As you replicate the experience, your brain starts to demand more of the same activities activating the pleasure center. That means that, over time, it will become more difficult to reach the levels of dopamine that you need in order to feel happiness or pleasure. The brain will also stop responding to regular activities that you used to enjoy, making you less interested in them and instead increasing your dependency on the activity that is still able to make you feel happy.
Types Of Addiction
Abuse of drugs or substances is not the only type of addiction that exists. Some cases of addiction have been attributed to specific compulsive and repetitive behavior like shopping, gaming, or gambling.
According to experts, addiction can be separated into two categories which are either chemical or behavioral.

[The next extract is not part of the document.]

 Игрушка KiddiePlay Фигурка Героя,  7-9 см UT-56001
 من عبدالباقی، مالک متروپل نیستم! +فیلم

Chemical addiction is mainly about the loss of control over substance use, while behavioral addiction refers to repeated actions that you cannot stop yourself from doing even when it becomes apparent that they are harmful to you or to the people around you.
To check if you are already suffering from chemical addiction, look for telltale signs like intense cravings that cloud your judgment, dependency on a particular substance, withdrawal symptoms, or risky usage habits. In contrast, behavioral addiction is harder to detect and diagnose. However, there are still certain clues that would give it away, such as becoming irritable or anxious when quitting, keeping the behavior a secret from loved ones, spending an unusual amount of time on the activity, as well as continuing with the activity despite threat or harm to self, family, and relationships.
Recovering From Addiction
Since it is a medical condition, it is best to seek the help of doctors if you want to recover from an addiction. The process is not easy, and it takes courage as well as determination from the patient in order to succeed, but with the support of friends and family, healing is possible.
It starts with an acknowledgment of the addiction, plus a desire to step away from it. For most people, this is the hardest step to take because they are either in denial of what is happening or does not really recognize the symptoms that they are exhibiting. But this is also the most critical step because it ensures the patient’s full cooperation.
A strong support system is then needed to help you through the treatment process. You can choose to seek help from a close friend or relative or find a professional who can make you feel safe. Your support system should be able to provide you with the resources you need while undergoing treatment.
Identifying and addressing the main cause of the addiction is important as well. In most cases, the addiction is a consequence of a deep-rooted problem that, if left unaddressed, will likely hamper the recovery or cause a rebound in the future.
Finally, look for a treatment facility that can formulate a comprehensive treatment plan that you are comfortable with. The rehabilitation process will require you to make changes in your lifestyle and habits that may be difficult to accept in the beginning, but with the support of a competent medical team, you will have better chances of recovery.